I want to distribute data in vti format across MPI processes, to obtain a distribution similar to what can be obtained with data in vtu format and a RedistributeDataset filter, which was that the points on the borders of multiple processes were duplicated on all those processes, but have the same Global Id.
To do the distribution of the vti data, I use the following Pipeline:
First, I execute the pipeline using the builtin pvserver:
Plane > ResampleToImage > RandomAttributes > GenerateGlobalIds
The Plane filter uses the default parameters.
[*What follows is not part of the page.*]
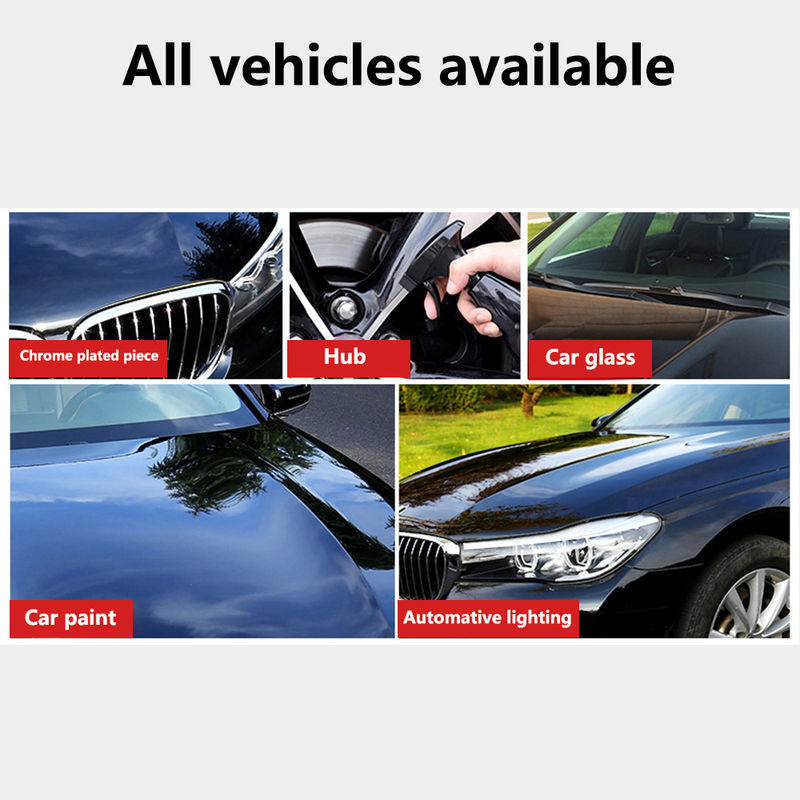 Thumbnail: 10H Ceramic Car Coating 500ML Nano Liquid Glass Plated Crystal Hydrophobic Water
The ResampleToImage filter uses the following sampling Dimensions: 5, 5, 1. The RandomAttributes only has the option "Generate Point Scalars" checked. The GenerateGlobalIds filter uses the default parameters.
I then save the output of the Pipeline to a vti file.
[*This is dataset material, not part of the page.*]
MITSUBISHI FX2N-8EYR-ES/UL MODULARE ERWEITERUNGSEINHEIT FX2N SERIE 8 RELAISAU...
Now, I execute Paraview using another server, executed with mpirun:
mpirun -n 2 pvserver
I then open the vti file, to save it as a pvti file (and therefore distribute the data across two MPI processes).
If I open this pvti file again, using the pvserver run with MPI, inconsistencies in the data can be found. Notably, there are now 29 points in the data (as I created a 5 by 5 plane, there should be 25 points). Different points share the same Global Id, even though they are clearly different because have different coordinates, such as the points of Global Id 10 (lines 10 and 11 in the above screenshot). The same point, for example the point located in 0,0,0, exists twice, with a globalId of 0 and of 10 (lines 0 and 11 of the above screenshot).
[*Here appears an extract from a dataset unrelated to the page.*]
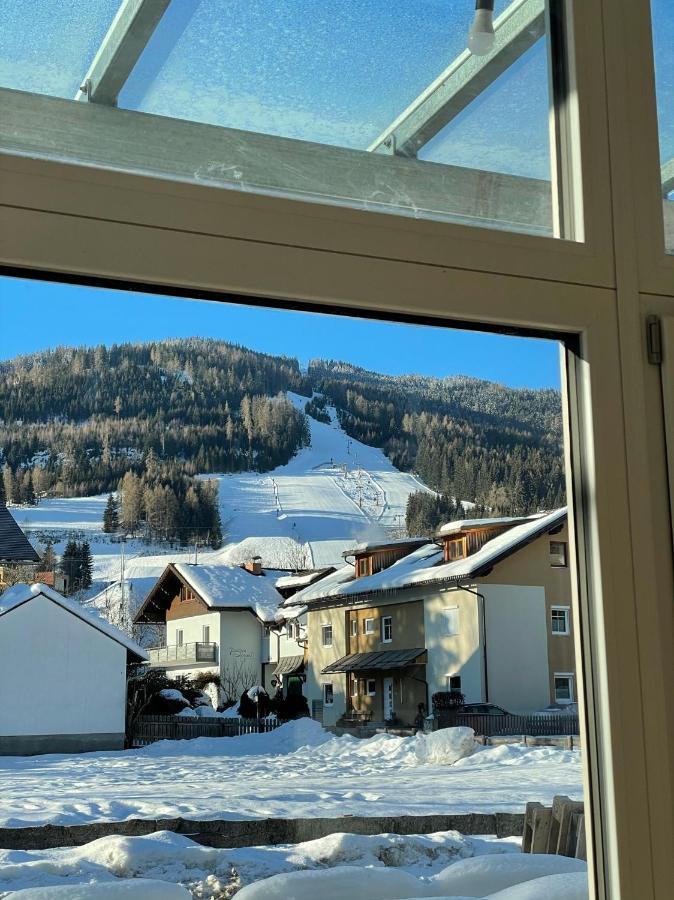 Villa Kreischberg Sankt Lorenzen ob Murau Exteriör bild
If I load the pvti file using the builtin server of Paraview, the problem disappears and only 25 points are shown in the spread sheet view, with no Global Id duplicates.
Am I doing something wrong here? I can't seem to find a way to distribute the vti data properly, and I would like to avoid using vtu format whenever possible, as it loads everything in memory, but I would also like have only one implementation of my algorithm to process both data types.